Developed with support from the creative team at digital agency Fuel, the content and site examine nine key areas: Share, Multi-Task, Respond, Act, Buy, Search, Send, Step, and Text through interactive video content, HTML 5 features, and a choose-your-own-adventure-style theme. The areas were developed in partnership with Google's online safety partners ConnectSafely, Common Sense Media and the National Consumers League.
One video reminds us through a conversation by two young teenagers that anything posted online lives on, and that anything publicly posted can be read by all. In an ice cream shop, the two pull out their mobile phones and query their name on a search engine. The engine returns derogatory statements and posts for each. And in a game played between the two, each statement creates a negative mark on their tally, which serves as a reminder that one day a future employer might see the post.

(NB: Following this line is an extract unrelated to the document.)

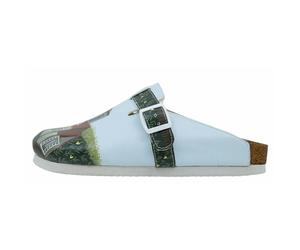 Hausschuh DOGO "Comfie Pantoletten Hausschuhe Going On An Adventure Damen", Damen, Gr. 37, Normalschaft, blau, Lederimitat, Schuhe Hausschuh, Handgefertigt (58321769-37) blau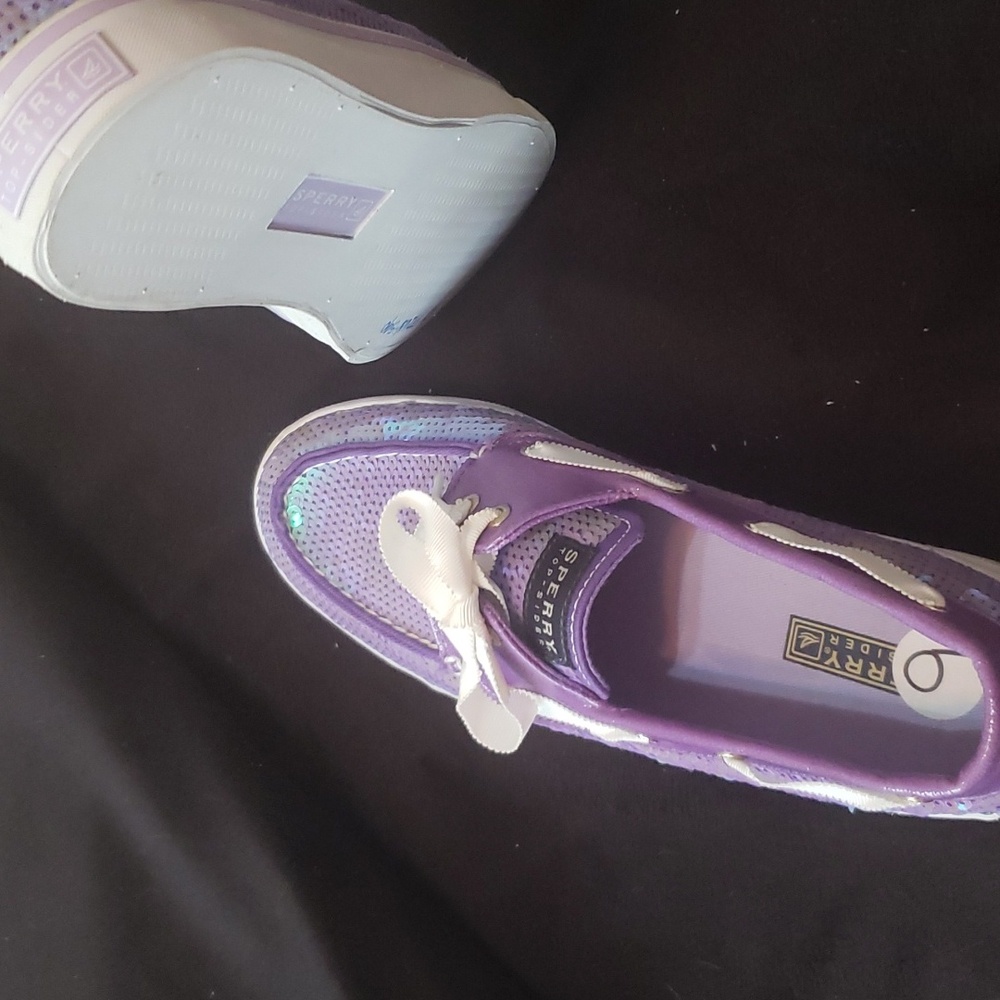 Sperry top-Sider purples sequins dress sneakers size 9 awesome condition - Picture 4 of 6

The content follows a typical American family through its daily activities on the Internet to illustrate the dos and don'ts, as well as the consequences of online communication. There are nine videos that take place within three environments: Home, School and Mall; and education streams are navigable by Parents, Students and Educators.
The nine key areas are outlined in each section -- Parents, Students and Educators -- each with stats and tools designed to inform and teach how to best manage digital life online. For Parents and Students there are tips and links to more information from Google's partners. For Educators, tips are supported with lesson plans.
Fuel worked with Google Labs and its partners to build out the project, according to Jeff Roach, chief strategy officer at Fuel. The group initially got started in Q4 2011, and the site went live in February.
The site also has downloadable lesson plans that can help teachers convey the messages in a way that even most teenagers will understand.
Parents need to educate themselves in order to teach their kids. Brands can become the parents' advocates through sponsored ads. Just telling or forbidding kids not to go on specific sites is not enough. Parents must set limits, learn the popular sites kids visit, and visit them too. They need to teach kids that it's not all about instant gratification. It's about stopping and thinking before posting. Believe it or not, some adults do it, too. Publishers get a lot of requests to take down a comment after someone clicked the post button in haste.
Meanwhile, On Thursday, Google also launched a consumer survey paywall for publishers where questions to answers become the token that opens the door and releases the content. Publisher partners at launch include Pandora, the Christian Science Monitor, and the New York Daily News. Lucky Brand Jeans, Tumbk2, and King Arthur were testers, too.